**Exercise brief**.
Given the entries that follow, write out exactly the lines starting at the one containing "Dec 8, 2025;" and ending at the one containing "Photo - 826 Bandon Ln", both ends included, and only those.

[Dataset items]
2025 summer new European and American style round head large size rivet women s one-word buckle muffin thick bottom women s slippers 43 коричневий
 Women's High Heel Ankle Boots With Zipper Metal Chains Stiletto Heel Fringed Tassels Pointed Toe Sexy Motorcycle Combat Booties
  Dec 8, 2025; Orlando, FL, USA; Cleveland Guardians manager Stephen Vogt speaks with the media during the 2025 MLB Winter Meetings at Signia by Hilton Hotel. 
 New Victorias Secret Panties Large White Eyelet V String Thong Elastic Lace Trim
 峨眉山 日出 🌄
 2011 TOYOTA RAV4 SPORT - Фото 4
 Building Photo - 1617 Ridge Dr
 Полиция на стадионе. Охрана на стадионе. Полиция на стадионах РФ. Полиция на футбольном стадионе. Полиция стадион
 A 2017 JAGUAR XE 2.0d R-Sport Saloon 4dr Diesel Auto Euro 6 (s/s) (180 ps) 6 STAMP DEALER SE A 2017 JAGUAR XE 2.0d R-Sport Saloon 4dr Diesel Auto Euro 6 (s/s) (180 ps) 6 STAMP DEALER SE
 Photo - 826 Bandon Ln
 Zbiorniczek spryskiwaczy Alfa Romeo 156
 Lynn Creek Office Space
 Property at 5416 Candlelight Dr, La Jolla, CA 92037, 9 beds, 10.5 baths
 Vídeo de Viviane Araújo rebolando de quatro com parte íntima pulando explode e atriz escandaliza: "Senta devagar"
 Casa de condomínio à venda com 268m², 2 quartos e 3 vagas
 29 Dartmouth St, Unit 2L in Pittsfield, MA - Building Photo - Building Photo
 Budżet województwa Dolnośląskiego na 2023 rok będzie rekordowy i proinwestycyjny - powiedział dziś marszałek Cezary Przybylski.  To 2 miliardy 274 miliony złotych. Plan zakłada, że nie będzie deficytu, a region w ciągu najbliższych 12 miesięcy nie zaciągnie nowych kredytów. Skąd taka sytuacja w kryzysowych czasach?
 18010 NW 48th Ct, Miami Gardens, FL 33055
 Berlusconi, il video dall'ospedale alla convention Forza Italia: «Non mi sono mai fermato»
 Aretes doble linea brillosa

**Finished exercise**.
  Dec 8, 2025; Orlando, FL, USA; Cleveland Guardians manager Stephen Vogt speaks with the media during the 2025 MLB Winter Meetings at Signia by Hilton Hotel. 
 New Victorias Secret Panties Large White Eyelet V String Thong Elastic Lace Trim
 峨眉山 日出 🌄
 2011 TOYOTA RAV4 SPORT - Фото 4
 Building Photo - 1617 Ridge Dr
 Полиция на стадионе. Охрана на стадионе. Полиция на стадионах РФ. Полиция на футбольном стадионе. Полиция стадион
 A 2017 JAGUAR XE 2.0d R-Sport Saloon 4dr Diesel Auto Euro 6 (s/s) (180 ps) 6 STAMP DEALER SE A 2017 JAGUAR XE 2.0d R-Sport Saloon 4dr Diesel Auto Euro 6 (s/s) (180 ps) 6 STAMP DEALER SE
 Photo - 826 Bandon Ln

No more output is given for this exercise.